The Dawn of a New Workforce — Cornell’s HIT Training Program
By Robert J. Murphy
For The Record
Vol. 24 No. 3 P. 8

Seeking to train a new workforce of HIT specialists to help providers implement EHRs, the Office of the National Coordinator for Health Information Technology (ONC) awarded $116 million to nine universities and 82 community colleges to establish curricula under the banner of the ONC’s ambitious Workforce Development Program.

No one questions the demand for such HIT expertise as individual providers, clinics, and hospitals carry out the daunting task of switching from paper to electronic records as part of the quest to meet federal meaningful use criteria. The ONC expects its tuition assistance and other educational grants will help train some 10,500 HIT professionals from community colleges and another 1,500 from university-based programs by year’s end.

This marks the initial efforts among the nation’s medical and technical schools to fill a workforce demand that the ONC expects to reach 50,000, according to Jessica Ancker, PhD, codirector of Weill Cornell Medical College’s six-month HIT certificate program, which last year graduated its first class of 26 students in collaboration with 51 trainees from Columbia University.

“[People from the ONC] are the ones who are saying we need more people trained in this field,” says Ancker, who holds a doctorate in biomedical informatics from Columbia, a connection that proved useful in curriculum development, not to mention that Cornell and Columbia share the same teaching hospital (NewYork-Presbyterian). “We think universities and medical schools that already have informatics departments are a great place to do this training.”

Cornell is now training its second cohort of HIT students—doctors, nurses, allied health professionals, billers, and coders, along with IT support people and computer programmers—most of whom, like their brethren in the inaugural class, have seen their $12,500 tuition bill paid for courtesy of the ONC grant.

That funding will expire by year’s end, which means the class entering Cornell in July must find a way to pay one-half the tuition on its own. Students enrolling after that must fund the entire amount. Those planning to remain with their present employers may be fortunate enough to obtain tuition reimbursement.

“We’re starting to see that already,” Ancker says. “We’re getting institutions and hospitals as well as companies reaching out and asking about training opportunities. And then we’re getting students who want to change careers and are willing to make that investment so they’ll be in a better position to get a job in this new field.”

Curriculum
Cornell’s six-month training program combines distance learning in the form of online lectures and exams with classroom sessions held one Saturday per month at its New York City and Ithaca, New York, locations that are linked by a Web-based teleconference. This works out nicely for those with full-time jobs who can do their schoolwork on nights and weekends and still pay their bills.

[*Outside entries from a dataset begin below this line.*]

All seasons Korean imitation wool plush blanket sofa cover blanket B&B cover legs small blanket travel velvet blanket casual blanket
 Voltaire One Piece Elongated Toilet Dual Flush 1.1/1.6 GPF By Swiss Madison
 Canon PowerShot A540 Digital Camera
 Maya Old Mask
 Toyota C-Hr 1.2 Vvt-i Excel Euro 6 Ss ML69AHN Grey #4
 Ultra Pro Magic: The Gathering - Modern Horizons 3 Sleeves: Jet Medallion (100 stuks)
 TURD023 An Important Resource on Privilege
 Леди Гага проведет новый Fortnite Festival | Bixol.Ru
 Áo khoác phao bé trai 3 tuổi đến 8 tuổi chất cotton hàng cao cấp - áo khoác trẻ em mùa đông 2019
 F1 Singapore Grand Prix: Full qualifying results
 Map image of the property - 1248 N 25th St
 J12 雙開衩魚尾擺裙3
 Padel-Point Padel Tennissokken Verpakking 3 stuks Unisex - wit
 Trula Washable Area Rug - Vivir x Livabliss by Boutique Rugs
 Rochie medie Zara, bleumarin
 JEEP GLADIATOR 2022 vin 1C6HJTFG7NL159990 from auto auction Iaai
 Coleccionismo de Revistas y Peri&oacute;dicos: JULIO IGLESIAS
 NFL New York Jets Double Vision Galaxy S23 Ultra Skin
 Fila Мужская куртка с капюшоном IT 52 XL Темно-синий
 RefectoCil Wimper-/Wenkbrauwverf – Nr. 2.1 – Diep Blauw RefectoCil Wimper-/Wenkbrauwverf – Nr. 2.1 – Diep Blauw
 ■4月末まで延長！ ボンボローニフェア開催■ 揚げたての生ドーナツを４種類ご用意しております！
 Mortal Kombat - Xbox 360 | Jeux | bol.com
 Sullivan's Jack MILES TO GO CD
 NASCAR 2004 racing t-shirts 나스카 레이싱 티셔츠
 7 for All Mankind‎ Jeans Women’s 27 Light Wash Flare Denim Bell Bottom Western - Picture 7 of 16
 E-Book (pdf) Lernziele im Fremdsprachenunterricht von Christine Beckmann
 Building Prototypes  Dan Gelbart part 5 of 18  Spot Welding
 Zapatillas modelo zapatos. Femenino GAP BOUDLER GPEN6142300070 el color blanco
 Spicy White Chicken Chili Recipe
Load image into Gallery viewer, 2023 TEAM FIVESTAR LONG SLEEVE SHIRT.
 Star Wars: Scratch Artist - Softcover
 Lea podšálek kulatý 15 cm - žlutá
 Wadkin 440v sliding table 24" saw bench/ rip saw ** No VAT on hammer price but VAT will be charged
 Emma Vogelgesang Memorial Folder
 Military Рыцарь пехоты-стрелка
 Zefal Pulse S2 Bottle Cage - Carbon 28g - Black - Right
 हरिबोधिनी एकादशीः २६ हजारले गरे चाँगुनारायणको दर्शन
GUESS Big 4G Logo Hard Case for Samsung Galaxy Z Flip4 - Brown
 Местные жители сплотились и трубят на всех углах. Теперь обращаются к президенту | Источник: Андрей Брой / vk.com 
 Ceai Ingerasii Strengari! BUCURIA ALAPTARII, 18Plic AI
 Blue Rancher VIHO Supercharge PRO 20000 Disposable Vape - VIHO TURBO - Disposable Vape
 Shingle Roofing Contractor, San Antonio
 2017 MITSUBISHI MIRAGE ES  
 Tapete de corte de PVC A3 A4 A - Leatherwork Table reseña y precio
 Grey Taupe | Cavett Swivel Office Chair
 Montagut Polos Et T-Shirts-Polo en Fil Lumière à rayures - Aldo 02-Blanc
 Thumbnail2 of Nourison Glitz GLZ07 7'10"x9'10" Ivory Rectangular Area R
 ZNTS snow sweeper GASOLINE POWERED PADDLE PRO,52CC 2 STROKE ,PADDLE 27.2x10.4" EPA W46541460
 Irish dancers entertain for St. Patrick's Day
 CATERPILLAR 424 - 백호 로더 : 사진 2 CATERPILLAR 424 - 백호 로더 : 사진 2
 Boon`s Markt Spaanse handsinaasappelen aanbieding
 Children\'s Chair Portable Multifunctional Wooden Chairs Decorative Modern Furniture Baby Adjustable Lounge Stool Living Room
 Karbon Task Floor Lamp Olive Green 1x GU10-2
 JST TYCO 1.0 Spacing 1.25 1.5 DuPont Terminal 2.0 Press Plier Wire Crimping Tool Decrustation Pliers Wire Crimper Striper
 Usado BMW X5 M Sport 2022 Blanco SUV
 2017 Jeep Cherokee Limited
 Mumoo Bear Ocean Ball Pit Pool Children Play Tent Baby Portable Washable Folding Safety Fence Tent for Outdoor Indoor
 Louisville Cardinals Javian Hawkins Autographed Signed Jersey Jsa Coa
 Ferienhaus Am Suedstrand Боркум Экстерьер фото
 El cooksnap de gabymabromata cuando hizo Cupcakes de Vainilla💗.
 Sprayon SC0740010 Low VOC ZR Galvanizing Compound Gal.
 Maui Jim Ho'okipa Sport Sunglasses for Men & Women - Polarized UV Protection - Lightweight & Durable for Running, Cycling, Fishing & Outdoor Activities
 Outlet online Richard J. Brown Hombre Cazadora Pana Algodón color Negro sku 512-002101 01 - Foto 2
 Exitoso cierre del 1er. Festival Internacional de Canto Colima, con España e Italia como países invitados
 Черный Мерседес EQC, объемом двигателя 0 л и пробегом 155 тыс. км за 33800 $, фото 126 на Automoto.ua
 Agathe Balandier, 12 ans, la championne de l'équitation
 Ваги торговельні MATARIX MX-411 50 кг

The on-site sessions feature guest lecturers, including industry experts and hospital specialists, as well as team-based learning activities, says Ancker. There are also case projects tailored to match real-life scenarios. One such exercise requires students to create an EHR implementation plan while keeping to a tight budget. “They actually have to apply project management principles as well as what they’re starting to learn about clinical workflow to create a plan to move a small practice from paper records all the way to electronic health records and we hope all the way to meaningful use,” Ancker says.

Other projects involve training on the infrastructure needed for exchanging health data across institutions as well as case studies on public health reporting of electronic data. Additional projects focus on security and privacy issues stemming from the EHR use. Many of these activities take place on site at institutions and hospitals that welcome students to observe their work. After such field trips, students present their observations to the class.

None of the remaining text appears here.